■ What is required: Give back each entry word for word, but drop the images.

START Data for analysis

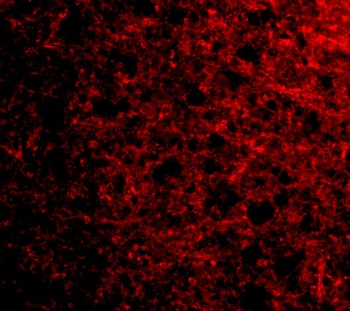 op18 Antibody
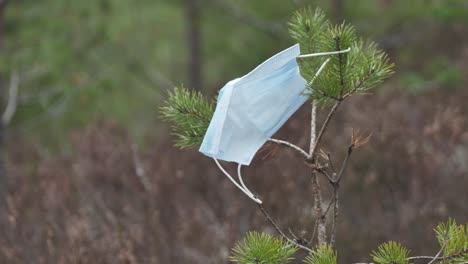 Medizinische-Einweg-blaue-Schutzmaske-Schwebt-Im-Wind-Auf-Den-Tannenzweigen,-Coronavirus-Covid-19-virusabfall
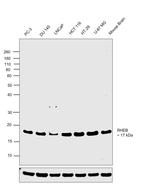 RHEB Antibody in Western Blot (WB)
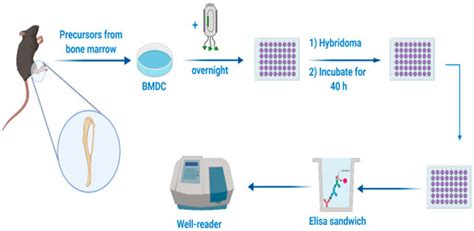Recombinant Filamentous Bacteriophages Encapsulated in Biodegradable ...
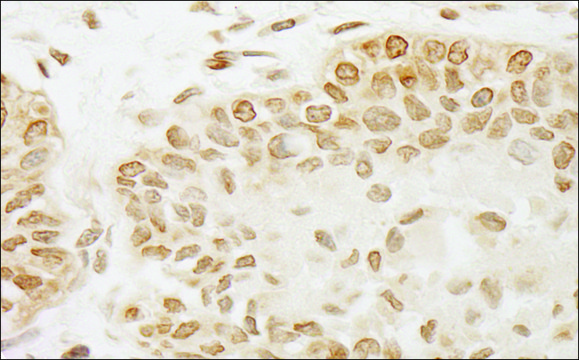 Rabbit anti-PPP5C Antibody, Affinity Purified Powered by Bethyl Laboratories, Inc.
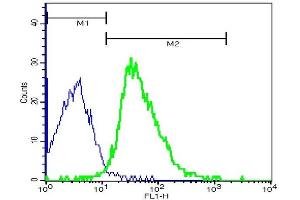 Mouse thymocytes probed with Rabbit Anti-ARMC3 (Cancer/testis antigen 81) Polyclonal Antibody, FITC Conjugated (ABIN873236-FITC) at 1:100 for 40 minutes (green) compared to control cells (blue). (ARMC3 antibody  (AA 752-840))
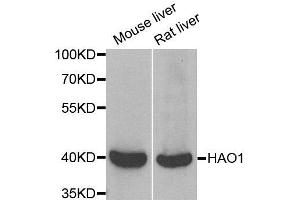 Western blot analysis of extracts of mouse liver and rat liver cell lines, using HAO1 antibody.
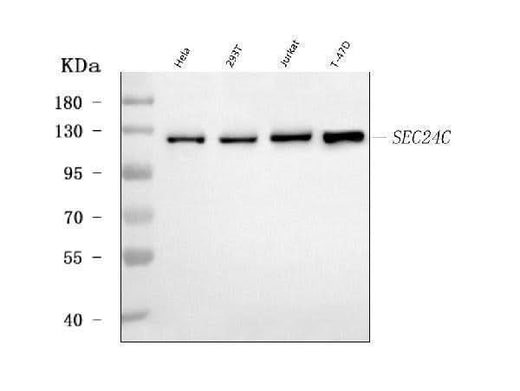 Anti-SEC24C Antibody Picoband® Boster Bio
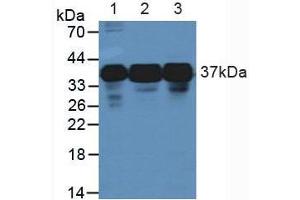 Figure. (HNRNPA2B1 antibody  (AA 21-103))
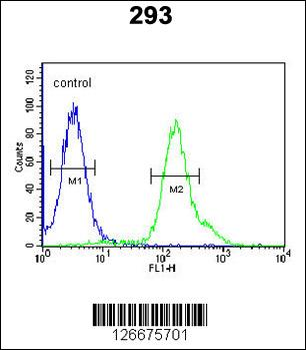 ARMC5 Antibody (C-term)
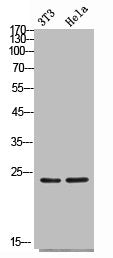 Western Blot analysis of NIH-3T3 Hela cells using FGF-4 Polyclonal Antibody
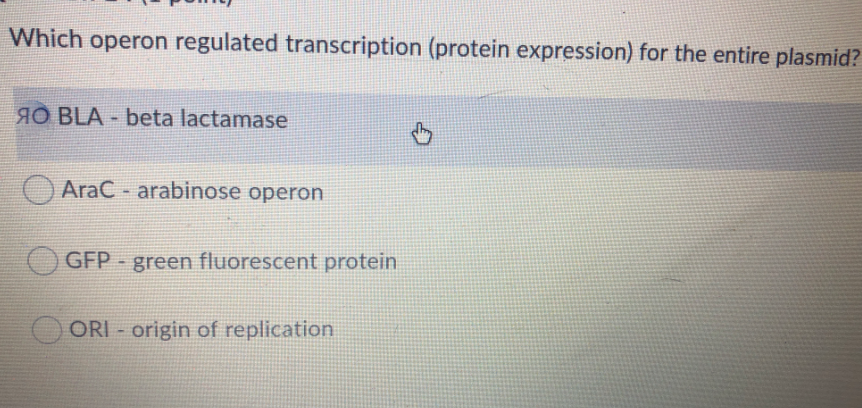 Which operon regulated transcription (protein expression) for the entire plasmid?
AO BLA - beta lactamase
O AraC - arabinose operon
GFP green fluorescent protein
ORI - origin of replication
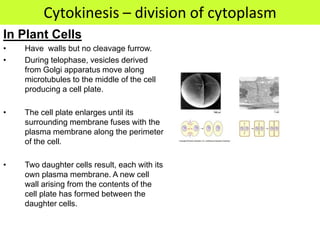 Cytokinesis – division of cytoplasm
In Plant Cells
•   Have walls but no cleavage furrow.
•   During telophase, vesicles derived
    from Golgi apparatus move along
    microtubules to the middle of the cell
    producing a cell plate.

•   The cell plate enlarges until its
    surrounding membrane fuses with the
    plasma membrane along the perimeter
    of the cell.

•   Two daughter cells result, each with its
    own plasma membrane. A new cell
    wall arising from the contents of the
    cell plate has formed between the
    daughter cells.
 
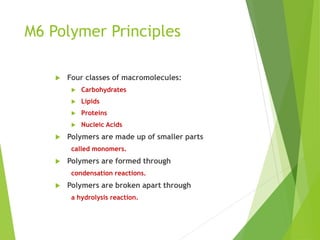 M6 Polymer Principles
 Four classes of macromolecules:
 Carbohydrates
 Lipids
 Proteins
 Nucleic Acids
 Polymers are made up of smaller parts
called monomers.
 Polymers are formed through
condensation reactions.
 Polymers are broken apart through
a hydrolysis reaction.
 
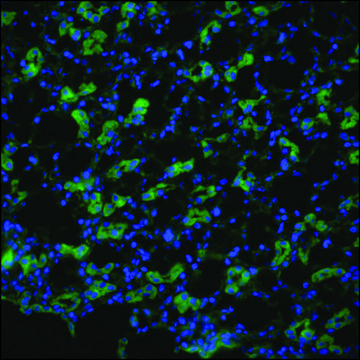 Anti-AQP1 antibody produced in rabbit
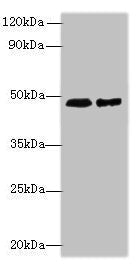 AARSD1 Antibody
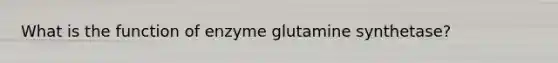 What is the function of enzyme glutamine synthetase?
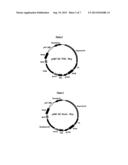 EXPRESSION VECTOR FOR HIGH LEVEL EXPRESSION OF RECOMBINANT PROTEINS diagram and image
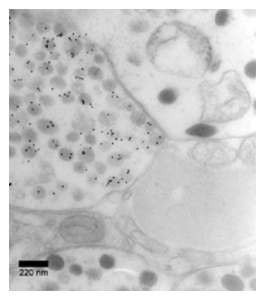 LMS antibody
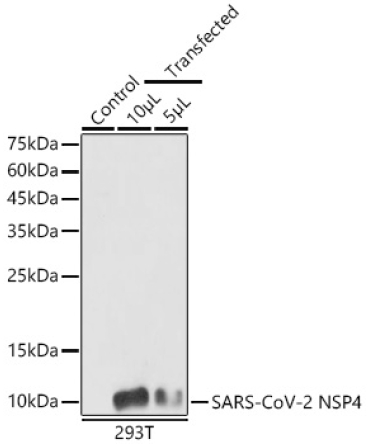 SARS-CoV-2 NSP4 Rabbit Polyclonal Antibody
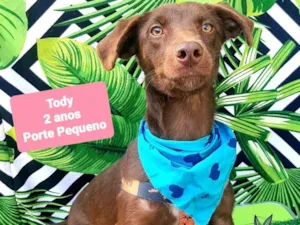 Cachorro raça SRD-ViraLata idade 2 anos nome Tody 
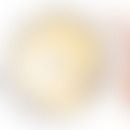 Feingold KR. Introduction t... Feingold KR. Introduction to Lipids and Lipoproteins. 2024 Jan 14. In: Feingold KR, et. al. edito...
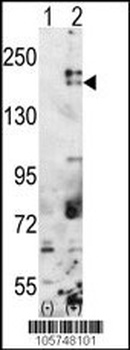 SETDB1 Antibody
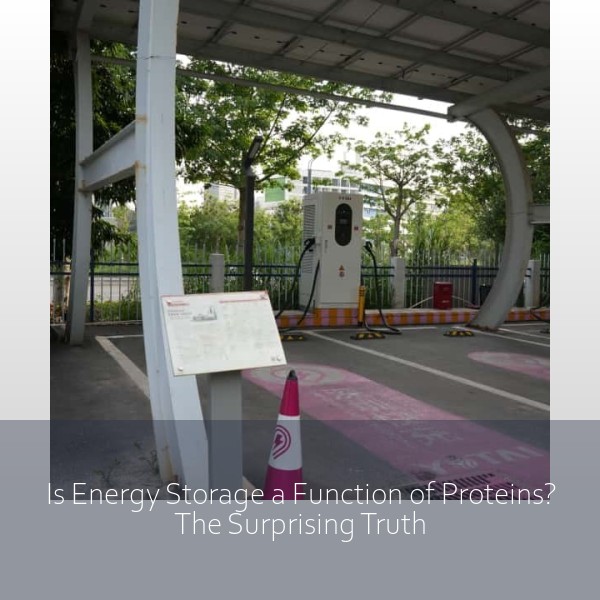 Is Energy Storage a Function of Proteins? The Surprising Truth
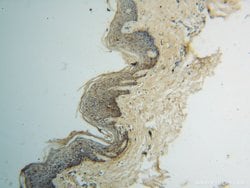 GOT2 Rabbit anti-Human, Mouse, Rat, Polyclonal, Proteintech:Anticorps:Anticorps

END Data for analysis

■ Solution:
 op18 Antibody
 Medizinische-Einweg-blaue-Schutzmaske-Schwebt-Im-Wind-Auf-Den-Tannenzweigen,-Coronavirus-Covid-19-virusabfall
 RHEB Antibody in Western Blot (WB)
Recombinant Filamentous Bacteriophages Encapsulated in Biodegradable ...
 Rabbit anti-PPP5C Antibody, Affinity Purified Powered by Bethyl Laboratories, Inc.
 Mouse thymocytes probed with Rabbit Anti-ARMC3 (Cancer/testis antigen 81) Polyclonal Antibody, FITC Conjugated (ABIN873236-FITC) at 1:100 for 40 minutes (green) compared to control cells (blue). (ARMC3 antibody  (AA 752-840))
 Western blot analysis of extracts of mouse liver and rat liver cell lines, using HAO1 antibody.
 Anti-SEC24C Antibody Picoband® Boster Bio
 Figure. (HNRNPA2B1 antibody  (AA 21-103))
 ARMC5 Antibody (C-term)
 Western Blot analysis of NIH-3T3 Hela cells using FGF-4 Polyclonal Antibody
 Which operon regulated transcription (protein expression) for the entire plasmid?
AO BLA - beta lactamase
O AraC - arabinose operon
GFP green fluorescent protein
ORI - origin of replication
 Cytokinesis – division of cytoplasm
In Plant Cells
•   Have walls but no cleavage furrow.
•   During telophase, vesicles derived
    from Golgi apparatus move along
    microtubules to the middle of the cell
    producing a cell plate.

•   The cell plate enlarges until its
    surrounding membrane fuses with the
    plasma membrane along the perimeter
    of the cell.

•   Two daughter cells result, each with its
    own plasma membrane. A new cell
    wall arising from the contents of the
    cell plate has formed between the
    daughter cells.
 
 M6 Polymer Principles
 Four classes of macromolecules:
 Carbohydrates
 Lipids
 Proteins
 Nucleic Acids
 Polymers are made up of smaller parts
called monomers.
 Polymers are formed through
condensation reactions.
 Polymers are broken apart through
a hydrolysis reaction.
 
 Anti-AQP1 antibody produced in rabbit
 AARSD1 Antibody
 What is the function of enzyme glutamine synthetase?
 EXPRESSION VECTOR FOR HIGH LEVEL EXPRESSION OF RECOMBINANT PROTEINS diagram and image
 LMS antibody
 SARS-CoV-2 NSP4 Rabbit Polyclonal Antibody
 Cachorro raça SRD-ViraLata idade 2 anos nome Tody 
 Feingold KR. Introduction t... Feingold KR. Introduction to Lipids and Lipoproteins. 2024 Jan 14. In: Feingold KR, et. al. edito...
 SETDB1 Antibody
 Is Energy Storage a Function of Proteins? The Surprising Truth
 GOT2 Rabbit anti-Human, Mouse, Rat, Polyclonal, Proteintech:Anticorps:Anticorps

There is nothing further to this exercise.